Russia and France opposed this resolution and said they would veto it, because inspections are proceeding, weapons are being destroyed and there is therefore no need for a force ultimatum. Essentially they have decided Iraq presents no threat even if it never disarms, at least as long as inspectors are there.

The veto threat did not help the diplomacy. It's too bad, because if a majority of the security council had adopted the Blair approach, Saddam would have had no room for further evasion and he still might have disarmed without invasion and bloodshed. Now, it appears that force will be used to disarm and depose him.

A s Blair has said, in war there will be civilian was well as military casualties. There is, too, as both Britain and America agree, some risk of Saddam using or transferring his weapons to terrorists. There is as well the possibility that more angry young Muslims can be recruited to terrorism. But if we leave Iraq with chemical and biological weapons, after 12 years of defiance, there is a considerable risk that one day these weapons will fall into the wrong hands and put many more lives at risk than will be lost in overthrowing Saddam.

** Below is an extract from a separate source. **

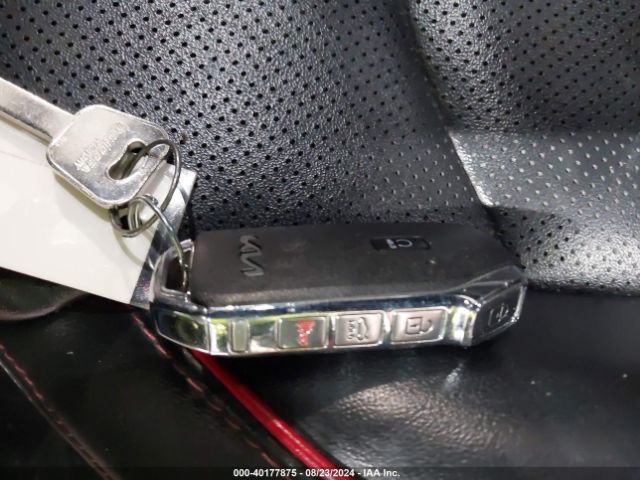 5XXG44J86NG095622 KIA K5 Gt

I wish that Russia and France had supported Blair's resolution. Then, Hans Blix and his inspectors would have been given more time and supprt for their work. But that's not where we are. Blair is in a position not of his own making, because Iraq and other nations were unwilling to follow the logic of 1441.

In the post-cold war world, America and Britain have been in tough positions before: in 1998, when others wanted to lift sanctions on Iraq and we said no; in 1999 when we went into Kosovo to stop ethnic cleansing. In each case, there were voices of dissent. But the British-American partnership and the progress of the world were preserved. Now in another difficult spot, Prime Minister Blair will have to do what he believes to be right. I trust him to do that and hope that Labor MPs and the British people will too.